Of course, I am not asking for this to be the standard presentational discourse of mathematics, unless it is to tell a particularly illuminating story about possible sources of error to be avoided. Rather, I'm thinking of the burgeoning studies of the mathematical process directed mainly toward pedagogy. For if we don't reveal to students how much error and misunderstanding is to be expected, we simply tell them a lie, which exacerbates feelings of inadequacy. So we need to share more accounts about the detailed doing of mathematics, less to arrive at objective knowledge of the process than to stimulate, within the mathematical community, an unembarassed discourse about such matters.
My aim here is to look at the processes involved in tackling a few questions in mathematics which actually occurred during my normal mathematical activity. This is part of an on-going attempt to develop my self-awareness about my problem-solving moments. This might seem self-indulgent rather than self-aware, perhaps even a particularly unsightly form of self-abuse, but I'm operating upon an analogy which I have made regarding the similarity of recollection of mathematical processes to that involved in recollecting dreams. It has been often remarked that practice in recalling dreams develops the capacity for that recall; my hypothesis is that the same will be true regarding mathematics. The objective is two-fold: firstly, to develop my own self-knowledge of my processes in doing mathematics; secondly, as a suggestion for other mathematicians, to stimulate them to the same activity. Except perhaps in top-level mathematicians, each of us will experience only part of the variety of forms of mathematical intuition, so a corresponding variety of mathematicians might be required to report upon their procedures. Were we to become able freely to discourse about our difficulties, errors, blockages and insecurities, a beneficial impact on the teaching of mathematics might occur automatically.

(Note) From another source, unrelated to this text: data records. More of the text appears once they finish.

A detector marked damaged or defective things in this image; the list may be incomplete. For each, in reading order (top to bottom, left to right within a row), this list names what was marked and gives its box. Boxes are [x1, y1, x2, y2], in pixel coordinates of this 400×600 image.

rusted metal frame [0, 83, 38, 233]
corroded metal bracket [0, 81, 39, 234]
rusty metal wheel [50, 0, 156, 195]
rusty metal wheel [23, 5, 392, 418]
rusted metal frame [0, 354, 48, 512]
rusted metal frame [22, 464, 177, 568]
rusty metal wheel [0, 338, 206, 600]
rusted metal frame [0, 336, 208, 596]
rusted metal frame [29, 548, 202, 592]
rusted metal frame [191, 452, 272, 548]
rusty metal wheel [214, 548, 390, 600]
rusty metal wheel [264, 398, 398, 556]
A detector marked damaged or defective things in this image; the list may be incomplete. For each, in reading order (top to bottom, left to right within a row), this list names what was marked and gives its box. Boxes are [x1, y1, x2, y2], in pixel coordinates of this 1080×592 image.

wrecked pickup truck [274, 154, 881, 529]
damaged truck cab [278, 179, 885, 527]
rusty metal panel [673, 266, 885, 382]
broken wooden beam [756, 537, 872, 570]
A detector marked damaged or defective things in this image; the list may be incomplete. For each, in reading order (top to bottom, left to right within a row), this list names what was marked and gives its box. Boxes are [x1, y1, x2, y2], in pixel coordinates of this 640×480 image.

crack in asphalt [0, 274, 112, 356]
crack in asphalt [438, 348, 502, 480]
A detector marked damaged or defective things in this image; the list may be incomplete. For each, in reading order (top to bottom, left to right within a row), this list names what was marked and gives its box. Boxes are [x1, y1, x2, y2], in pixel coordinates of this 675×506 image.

I will describe a few specific cases and how I tackled (or am trying to tackle) them, interspersing the description with italicised comments on general matters of mathematical procedure; indeed, it is these italicised remarks which form the real message of this paper. The work described takes the form of short episodes concerning encapsulated, separable segments of mathematics, since for such short, isolated efforts it is easier to survey the task and its treatment, without being too overloaded with paper to be annotated. Of course, this means we will inevitably have a rather myopic focus and fail to study those aspects of mathematical work which concern large, strategic goals.
The first problem, on which I’ve made little progress as yet, comes from my relatively new interest in the mathematics of control theory. It arises from attempts to control the smoothness of sheet-material produced by fluid extrusion from a set of outlets, the number m of points where the thickness is measured being greater than the number n of extrusion points where control may be exercised. Assume that the m-vector of measurements has linear form y = A x + b + e, where x is the n-vector of controls, A, b are constants and e is a vector of sensor noise. If y = 0 is the desired state, because of dimension-deficiency we can only hope to minimise some distance-measure of y from 0; this is taken to be the maximum modulus of the components of y. Because of stochasticity we need then to take expectations of this distance over e to get the criterion which is to be minimised with respect to x.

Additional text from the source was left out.